According to the latest Pew Research Center report on Hispanics, a record setting 27.3 million Hispanic voters are projected to be eligible to vote in the upcoming presidential race. Among voter-aged Latinos, 44 percent are millennials, which is a higher share of young voters compared to other races: black millennials makeup 35 percent of African Americans voters, Asian millennials are 30 percent and white millennials 27 percent.

"This goes to show Latino youth is a big part of the voter story," said Mark Hugo Lopez, Pew's director of Hispanic research, reports NBC News.

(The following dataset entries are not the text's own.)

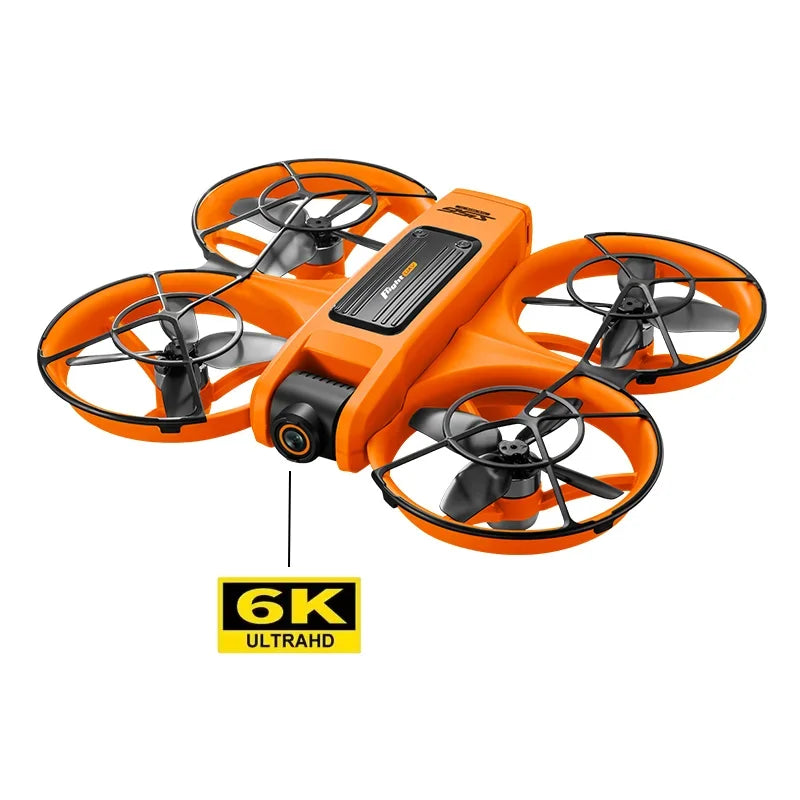 Drone S156 PRO 5G GPS profesional, fotografía aérea HD 8K, avión RC, doble cámara HD, cuadricóptero, juguetes para niños, regalos, recién actualizado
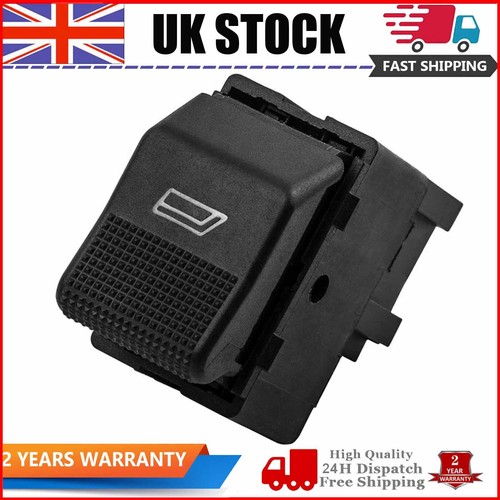 6x0959855b for lupo - for, polo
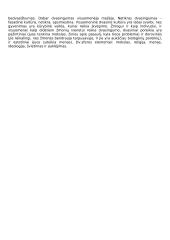 Valstybės samprata. Visuomenė ir žmogus 6 puslapis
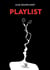 Playlist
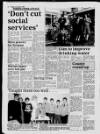 Louth Standard Friday 01 January 1988 Page 6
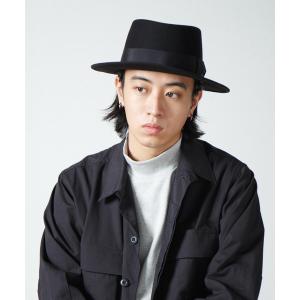 アンブッシュ AMBUSH BASEBALL HAT ベースボールハット メンズ 楽天市場】AMBUSH アンブッシュ バケットハット 帽子 LOGO BUCKET HAT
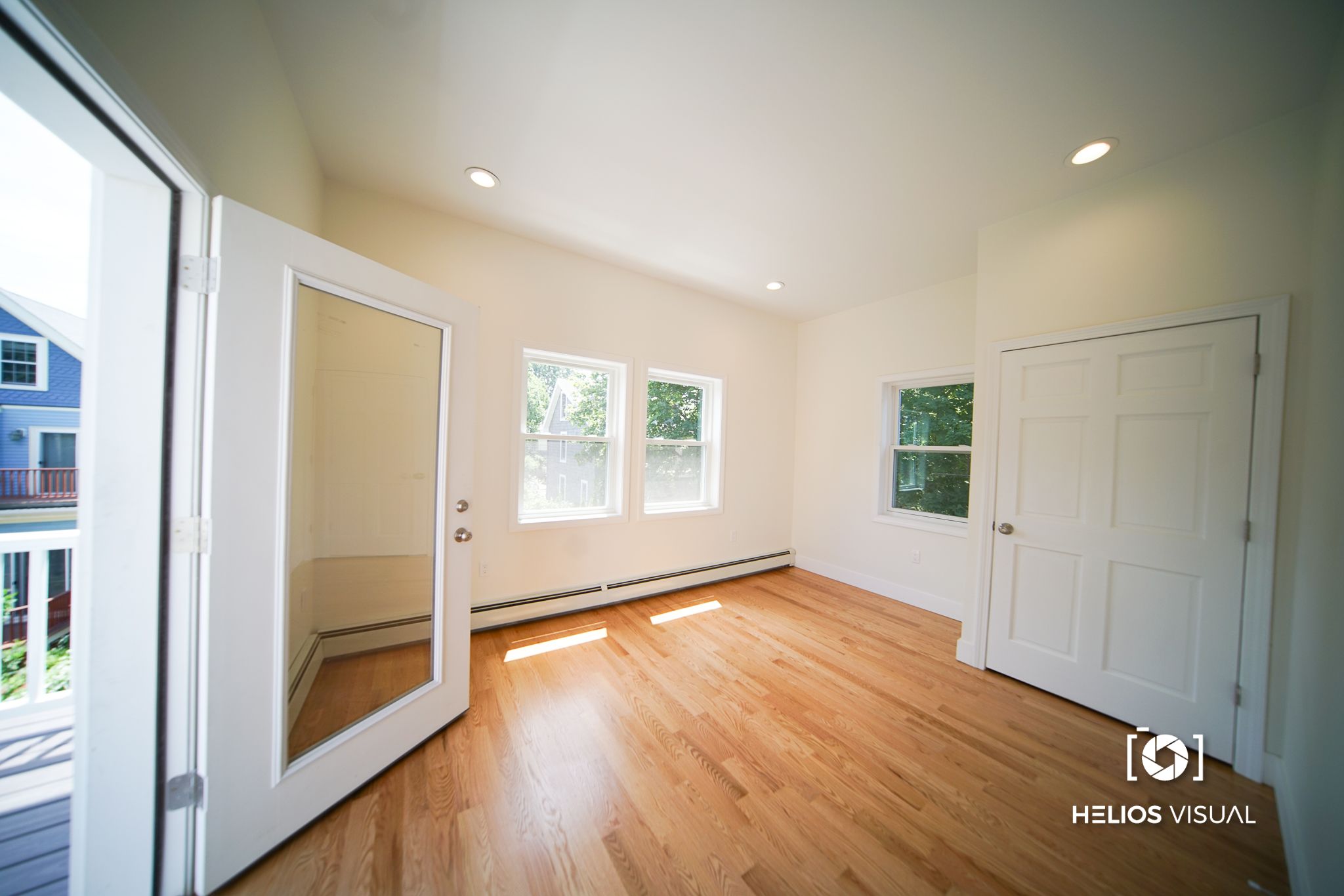 48 Cameron Ave, Davis Square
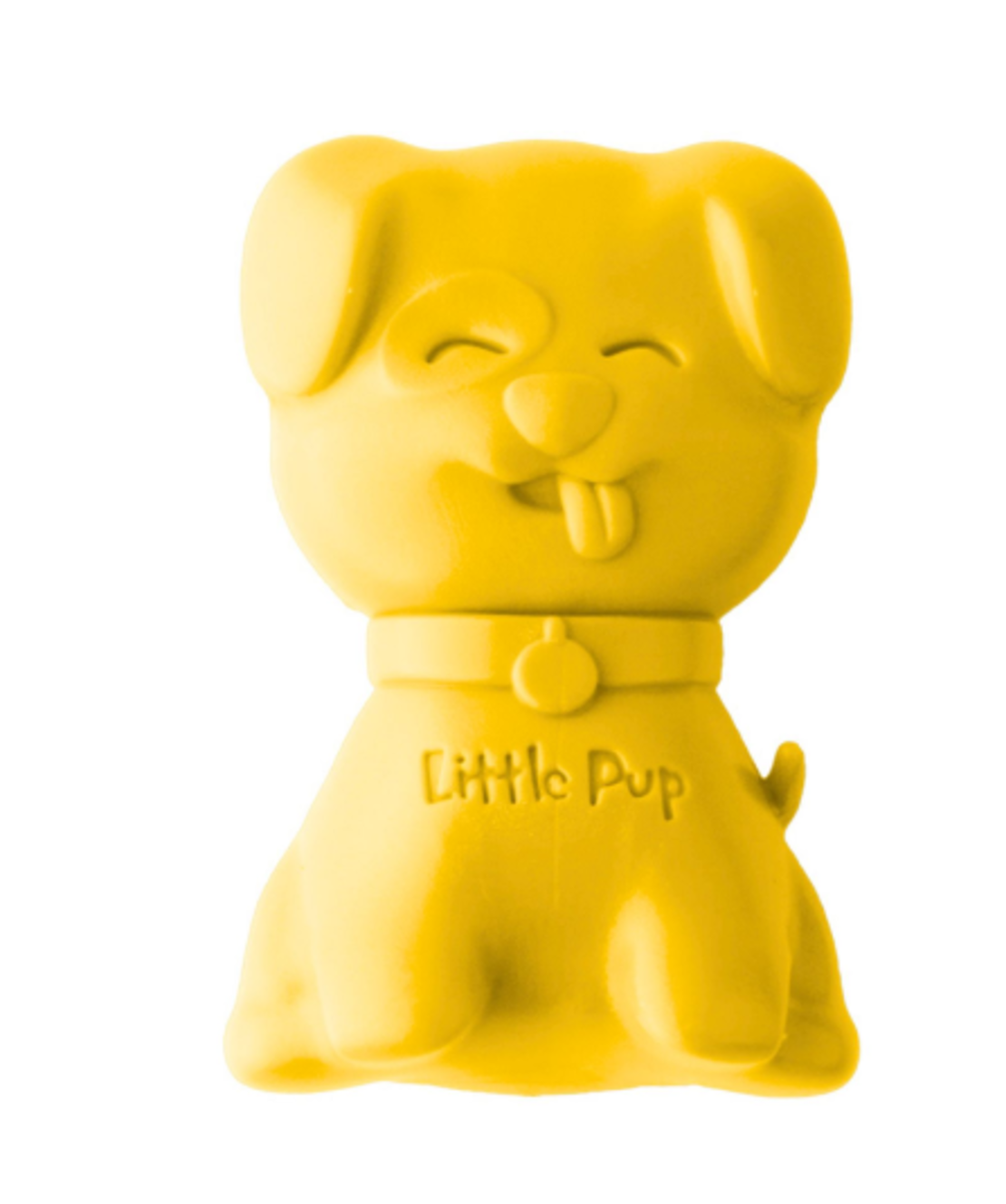 Ароматизатор LITTLE PUP- Vanilla Station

The increase in Hispanic eligible voters is largely due to adult immigrants who have obtained legal status and chosen a pathway of citizenship. Pew projects that about 1.2 million Hispanic immigrants will have naturalized between 2012 and 2016. Also, Puerto Ricans who have moved to the mainland from the island increased to a record for this year's elections, states the report.

Although the number of Latino eligible voters in 2016 is 40 percent higher than in 2008, this does not necessarily mean that Hispanics will sway the presidential race. Rather, the study shows that Latinos do not typically have a high voter turnout rate. According to the report, nearly 50 percent of Hispanic eligible voters participated in the 2008 race when Barack Obama was first elected. Latino turnout then dropped to 48 percent in 2012 and to 27 percent in the 2014 midterm election. In comparison, 64 percent of white voters and 67 percent of black eligible voters cast a ballot in 2012.

The report also found that Hispanic millennials register to vote at lower rates than other millennials. Meanwhile, in 2012, just 37.8 percent of Latino millennials voted compared to "47.5 percent of white millennials and 55 percent of black millennials voted in 2012. Among Asian millennials, 37.3 percent of millennials voted," say the authors.

"This does present a number of challenges because of the relative size of the youth vote," Lopez said. However, "that doesn't mean they shouldn't be reached," he added.